This invention relates to reverse cementing operations. In particular, this invention relates to methods and apparatuses for floating the casing and controlling fluid flow through the casing shoe.
After a well for the production of oil and/or gas has been drilled, casing may be run into the wellbore and cemented. In conventional cementing operations, a cement composition is displaced down the inner diameter of the casing. The cement composition is displaced downward into the casing until it exits the bottom of the casing into the annular space between the outer diameter of the casing and the wellbore apparatus. It is then pumped up the annulus until a desired portion of the annulus if filled.
The casing may also be cemented into a wellbore by utilizing what is known as a reverse-cementing method. The reverse-cementing method comprises displacing a cement composition into the annulus at the surface. As the cement composition is pumped down the annulus, well fluids ahead of the cement composition are displaced down and around the lower end of the casing string and up the inner diameter of the casing string and out to surface. The fluids ahead of the cement composition may also be displaced upwardly through a work string that has been run into the inner diameter of the casing string and sealed off at its lower end. Because the work string by definition has a smaller inner diameter, fluid velocities in a work string configuration may be higher and may more efficiently transport the cuttings washed out of the annulus during cementing operations.
The reverse circulation cementing process, as opposed to the conventional method, may provide a number of advantages. For example, cementing pressures may be much lower than those experienced with conventional methods. Cement composition introduced in the annulus falls down the annulus so as to produce little or no pressure on the formation. Fluids in the wellbore ahead of the cement composition may be bled off through the casing at surface. When the reverse-circulating method is used, less fluid may be handled at surface and cement retarders may be utilized more efficiently or eliminated altogether.

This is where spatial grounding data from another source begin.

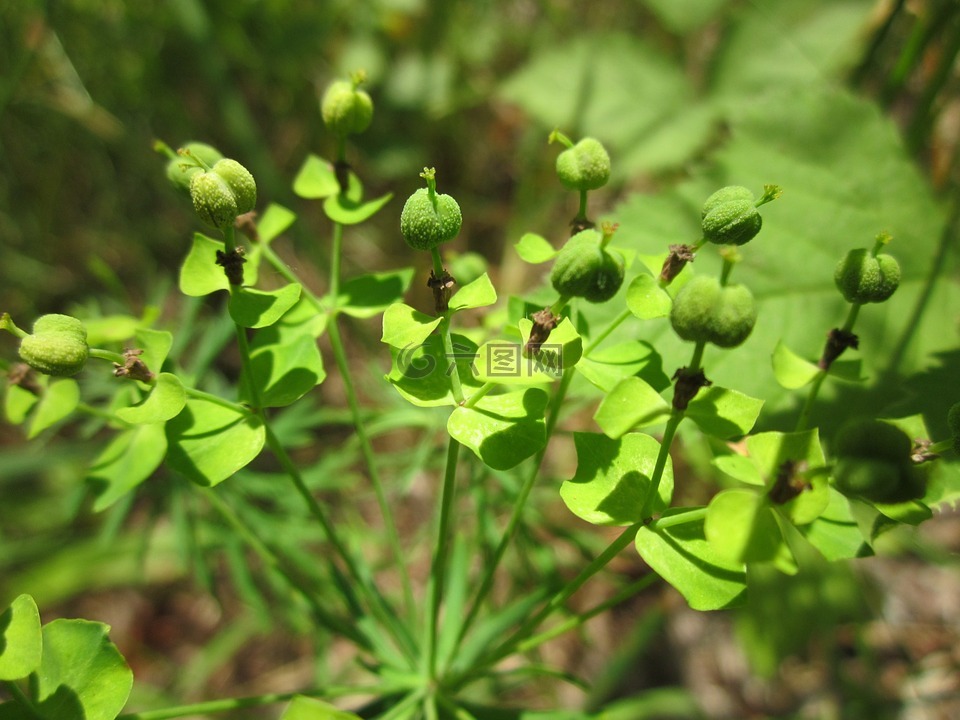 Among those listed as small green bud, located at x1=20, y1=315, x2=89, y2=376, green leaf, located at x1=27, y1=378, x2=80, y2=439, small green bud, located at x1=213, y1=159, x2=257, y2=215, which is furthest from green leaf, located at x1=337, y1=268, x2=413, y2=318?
green leaf, located at x1=27, y1=378, x2=80, y2=439

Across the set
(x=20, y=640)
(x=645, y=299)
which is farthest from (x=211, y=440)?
(x=645, y=299)

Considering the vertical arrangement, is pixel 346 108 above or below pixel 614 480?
above

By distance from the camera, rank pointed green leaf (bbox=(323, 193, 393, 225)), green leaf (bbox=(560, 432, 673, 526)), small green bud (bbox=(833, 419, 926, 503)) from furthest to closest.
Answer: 1. pointed green leaf (bbox=(323, 193, 393, 225))
2. green leaf (bbox=(560, 432, 673, 526))
3. small green bud (bbox=(833, 419, 926, 503))

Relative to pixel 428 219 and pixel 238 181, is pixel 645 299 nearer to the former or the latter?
pixel 428 219

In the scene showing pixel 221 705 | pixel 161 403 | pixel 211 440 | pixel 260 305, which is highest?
pixel 260 305

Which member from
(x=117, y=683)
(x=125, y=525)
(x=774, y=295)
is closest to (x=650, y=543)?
(x=117, y=683)

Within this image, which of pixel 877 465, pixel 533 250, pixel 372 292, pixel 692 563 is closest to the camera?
pixel 877 465

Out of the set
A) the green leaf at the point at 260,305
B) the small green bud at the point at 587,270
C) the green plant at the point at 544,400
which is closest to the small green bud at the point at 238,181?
the green plant at the point at 544,400

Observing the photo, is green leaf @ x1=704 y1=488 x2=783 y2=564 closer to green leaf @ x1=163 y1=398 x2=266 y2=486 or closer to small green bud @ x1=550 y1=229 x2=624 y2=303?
small green bud @ x1=550 y1=229 x2=624 y2=303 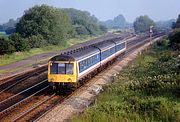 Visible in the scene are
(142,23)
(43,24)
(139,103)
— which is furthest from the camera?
(142,23)

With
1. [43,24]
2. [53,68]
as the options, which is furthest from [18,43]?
[53,68]

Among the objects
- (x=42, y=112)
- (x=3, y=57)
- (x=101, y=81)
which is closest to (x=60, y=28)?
(x=3, y=57)

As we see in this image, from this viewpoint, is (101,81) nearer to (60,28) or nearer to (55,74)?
(55,74)

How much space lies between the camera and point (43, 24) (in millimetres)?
74875

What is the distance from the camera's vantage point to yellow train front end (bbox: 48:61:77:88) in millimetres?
27016

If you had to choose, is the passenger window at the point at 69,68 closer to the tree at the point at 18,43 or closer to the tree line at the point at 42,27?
the tree at the point at 18,43

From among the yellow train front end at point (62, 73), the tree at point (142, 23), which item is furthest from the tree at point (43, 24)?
the tree at point (142, 23)

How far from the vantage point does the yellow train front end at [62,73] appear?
27016 mm

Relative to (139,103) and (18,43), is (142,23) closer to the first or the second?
(18,43)

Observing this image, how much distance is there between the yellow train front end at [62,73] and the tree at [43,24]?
47388 mm

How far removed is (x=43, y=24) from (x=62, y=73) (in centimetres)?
4903

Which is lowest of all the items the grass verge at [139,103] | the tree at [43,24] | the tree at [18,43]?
the grass verge at [139,103]

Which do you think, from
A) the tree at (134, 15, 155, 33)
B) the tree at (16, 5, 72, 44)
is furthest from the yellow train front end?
the tree at (134, 15, 155, 33)

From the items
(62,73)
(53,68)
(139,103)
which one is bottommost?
(139,103) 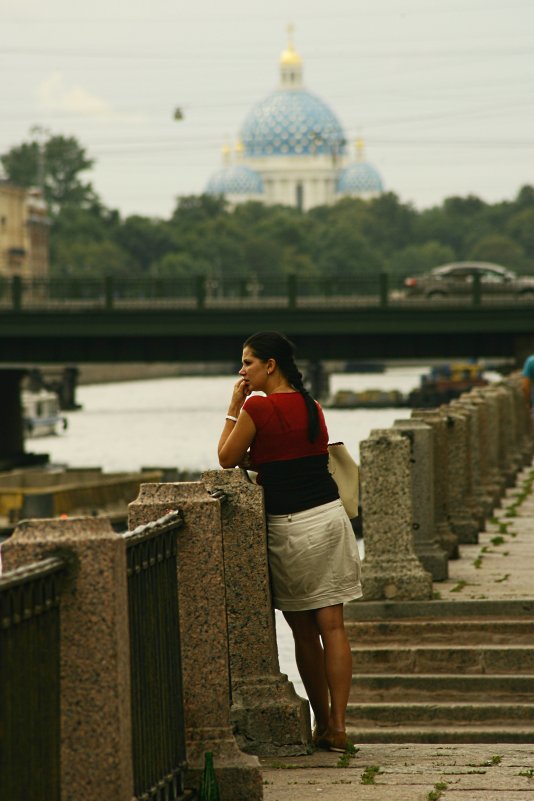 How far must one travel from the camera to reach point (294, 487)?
26.1ft

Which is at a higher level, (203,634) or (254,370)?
(254,370)

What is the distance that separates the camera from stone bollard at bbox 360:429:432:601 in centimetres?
1229

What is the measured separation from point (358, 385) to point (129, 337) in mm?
84536

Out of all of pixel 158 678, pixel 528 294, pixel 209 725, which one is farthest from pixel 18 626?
pixel 528 294

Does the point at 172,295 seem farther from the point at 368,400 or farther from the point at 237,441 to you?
the point at 368,400

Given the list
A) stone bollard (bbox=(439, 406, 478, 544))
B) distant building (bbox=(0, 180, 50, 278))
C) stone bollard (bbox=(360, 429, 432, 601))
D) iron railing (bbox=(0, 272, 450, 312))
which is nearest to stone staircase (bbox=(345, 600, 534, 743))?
stone bollard (bbox=(360, 429, 432, 601))

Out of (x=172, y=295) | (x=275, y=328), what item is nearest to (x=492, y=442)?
(x=275, y=328)

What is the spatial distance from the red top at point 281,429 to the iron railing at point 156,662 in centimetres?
87

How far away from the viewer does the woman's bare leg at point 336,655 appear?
316 inches

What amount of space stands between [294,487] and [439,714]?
134 inches

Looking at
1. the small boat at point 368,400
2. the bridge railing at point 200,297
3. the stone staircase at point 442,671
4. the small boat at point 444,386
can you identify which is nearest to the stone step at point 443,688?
the stone staircase at point 442,671

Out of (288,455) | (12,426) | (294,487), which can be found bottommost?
(12,426)

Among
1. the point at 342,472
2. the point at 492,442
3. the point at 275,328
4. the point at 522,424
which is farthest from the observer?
the point at 275,328

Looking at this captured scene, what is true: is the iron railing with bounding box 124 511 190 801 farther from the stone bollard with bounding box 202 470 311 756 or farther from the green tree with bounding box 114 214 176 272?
the green tree with bounding box 114 214 176 272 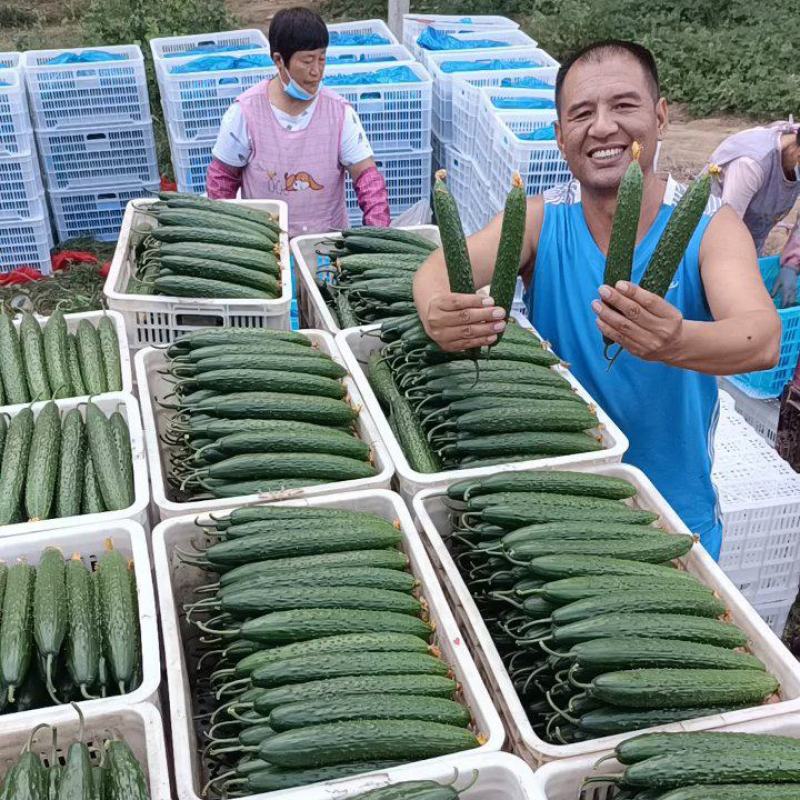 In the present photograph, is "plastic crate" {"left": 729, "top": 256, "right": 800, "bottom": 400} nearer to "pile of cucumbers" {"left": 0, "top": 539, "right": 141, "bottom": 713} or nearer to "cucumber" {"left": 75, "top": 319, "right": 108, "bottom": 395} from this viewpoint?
"cucumber" {"left": 75, "top": 319, "right": 108, "bottom": 395}

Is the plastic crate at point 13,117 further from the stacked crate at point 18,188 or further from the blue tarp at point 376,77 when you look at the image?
the blue tarp at point 376,77

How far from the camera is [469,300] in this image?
273 cm

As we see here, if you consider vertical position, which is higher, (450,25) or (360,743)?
(450,25)

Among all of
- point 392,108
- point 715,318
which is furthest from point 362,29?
point 715,318

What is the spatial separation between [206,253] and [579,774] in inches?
114

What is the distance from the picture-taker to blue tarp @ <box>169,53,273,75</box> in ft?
23.0

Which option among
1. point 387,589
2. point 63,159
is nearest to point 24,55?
point 63,159

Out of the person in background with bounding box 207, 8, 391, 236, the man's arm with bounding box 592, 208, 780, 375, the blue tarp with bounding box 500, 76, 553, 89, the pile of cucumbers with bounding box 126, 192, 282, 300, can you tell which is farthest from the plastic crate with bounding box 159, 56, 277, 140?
the man's arm with bounding box 592, 208, 780, 375

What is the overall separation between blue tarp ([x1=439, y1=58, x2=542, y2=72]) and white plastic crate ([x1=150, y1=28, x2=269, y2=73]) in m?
1.78

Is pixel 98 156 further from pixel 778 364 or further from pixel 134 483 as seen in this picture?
pixel 778 364

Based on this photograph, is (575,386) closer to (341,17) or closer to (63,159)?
(63,159)

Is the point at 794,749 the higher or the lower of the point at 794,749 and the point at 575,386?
the lower

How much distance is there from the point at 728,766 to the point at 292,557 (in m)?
1.26

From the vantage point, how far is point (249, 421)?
3000 millimetres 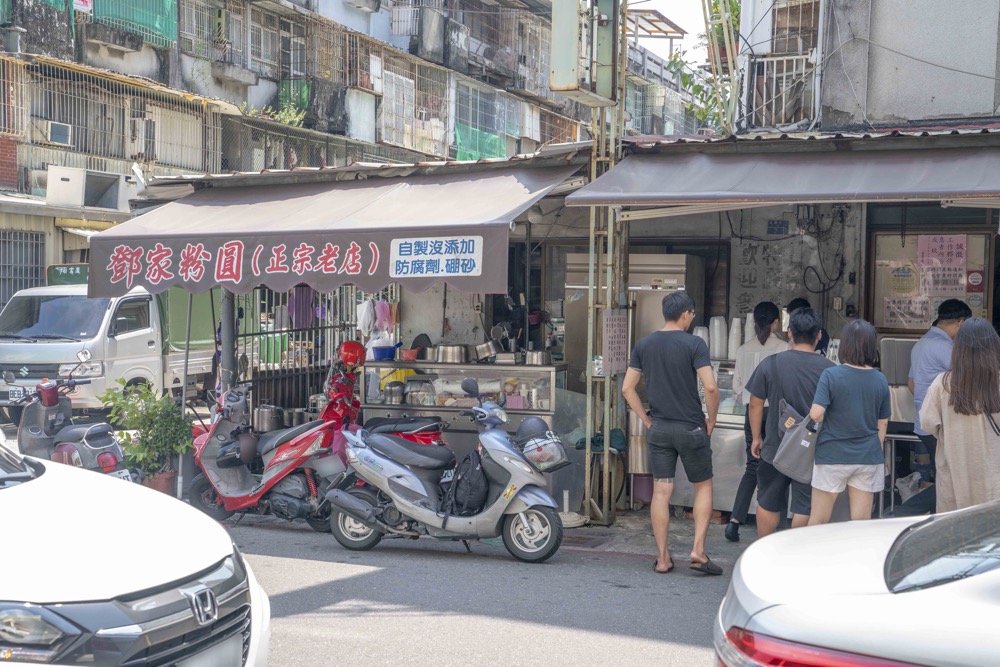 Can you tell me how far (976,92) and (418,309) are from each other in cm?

In many applications, float devices are used as the casing is run into the wellbore. Float shoes and float collars typically contain a back pressure check valve to prevent the flow of fluid into the bottom of the casing string as the casing is run into the wellbore or once the casing has reached its target depth. Float apparatuses may be used to prevent back flow of cement composition into the casing inner diameter after the cementing operations have been completed. Float apparatuses may also prevent oil and/or gas under high pressure from entering the inner diameter of the casing as the casing string is being run into the wellbore. If gas or oil under high pressure does enter the wellbore, it can result in a well blowout. Additionally, the weight of the casing, particularly with deep wells, often creates a tremendous amount of stress and strain on the derrick surface equipment and on the casing. Float apparatuses may minimize that stress as the casing is lowered into the wellbore because they make the casing string more buoyant in the wellbore.